Top of Provided material
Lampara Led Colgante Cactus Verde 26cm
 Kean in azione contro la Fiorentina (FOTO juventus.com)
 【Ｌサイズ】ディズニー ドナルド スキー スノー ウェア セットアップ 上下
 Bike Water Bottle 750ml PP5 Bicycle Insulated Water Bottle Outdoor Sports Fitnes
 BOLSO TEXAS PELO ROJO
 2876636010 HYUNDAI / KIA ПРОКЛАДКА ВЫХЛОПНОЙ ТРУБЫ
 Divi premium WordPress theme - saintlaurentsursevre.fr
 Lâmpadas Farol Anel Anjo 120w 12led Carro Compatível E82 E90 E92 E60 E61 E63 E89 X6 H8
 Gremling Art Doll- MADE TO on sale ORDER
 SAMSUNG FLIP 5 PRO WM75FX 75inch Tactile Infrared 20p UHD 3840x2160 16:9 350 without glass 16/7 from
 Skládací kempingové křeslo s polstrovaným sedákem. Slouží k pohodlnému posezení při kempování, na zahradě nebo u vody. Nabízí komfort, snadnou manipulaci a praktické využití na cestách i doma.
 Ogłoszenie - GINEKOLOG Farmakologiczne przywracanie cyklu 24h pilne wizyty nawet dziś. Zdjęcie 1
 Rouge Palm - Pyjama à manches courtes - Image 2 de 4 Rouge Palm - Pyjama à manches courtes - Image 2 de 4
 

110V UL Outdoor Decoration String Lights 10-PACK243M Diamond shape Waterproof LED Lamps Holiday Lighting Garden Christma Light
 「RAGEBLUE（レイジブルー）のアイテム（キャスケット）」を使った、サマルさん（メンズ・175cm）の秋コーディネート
Bottom of Provided material
* **Problem requirements**
Print each entry above word for word, leaving none out.

* **Exercise response**
Lampara Led Colgante Cactus Verde 26cm
 Kean in azione contro la Fiorentina (FOTO juventus.com)
 【Ｌサイズ】ディズニー ドナルド スキー スノー ウェア セットアップ 上下
 Bike Water Bottle 750ml PP5 Bicycle Insulated Water Bottle Outdoor Sports Fitnes
 BOLSO TEXAS PELO ROJO
 2876636010 HYUNDAI / KIA ПРОКЛАДКА ВЫХЛОПНОЙ ТРУБЫ
 Divi premium WordPress theme - saintlaurentsursevre.fr
 Lâmpadas Farol Anel Anjo 120w 12led Carro Compatível E82 E90 E92 E60 E61 E63 E89 X6 H8
 Gremling Art Doll- MADE TO on sale ORDER
 SAMSUNG FLIP 5 PRO WM75FX 75inch Tactile Infrared 20p UHD 3840x2160 16:9 350 without glass 16/7 from
 Skládací kempingové křeslo s polstrovaným sedákem. Slouží k pohodlnému posezení při kempování, na zahradě nebo u vody. Nabízí komfort, snadnou manipulaci a praktické využití na cestách i doma.
 Ogłoszenie - GINEKOLOG Farmakologiczne przywracanie cyklu 24h pilne wizyty nawet dziś. Zdjęcie 1
 Rouge Palm - Pyjama à manches courtes - Image 2 de 4 Rouge Palm - Pyjama à manches courtes - Image 2 de 4
 

110V UL Outdoor Decoration String Lights 10-PACK243M Diamond shape Waterproof LED Lamps Holiday Lighting Garden Christma Light
 「RAGEBLUE（レイジブルー）のアイテム（キャスケット）」を使った、サマルさん（メンズ・175cm）の秋コーディネート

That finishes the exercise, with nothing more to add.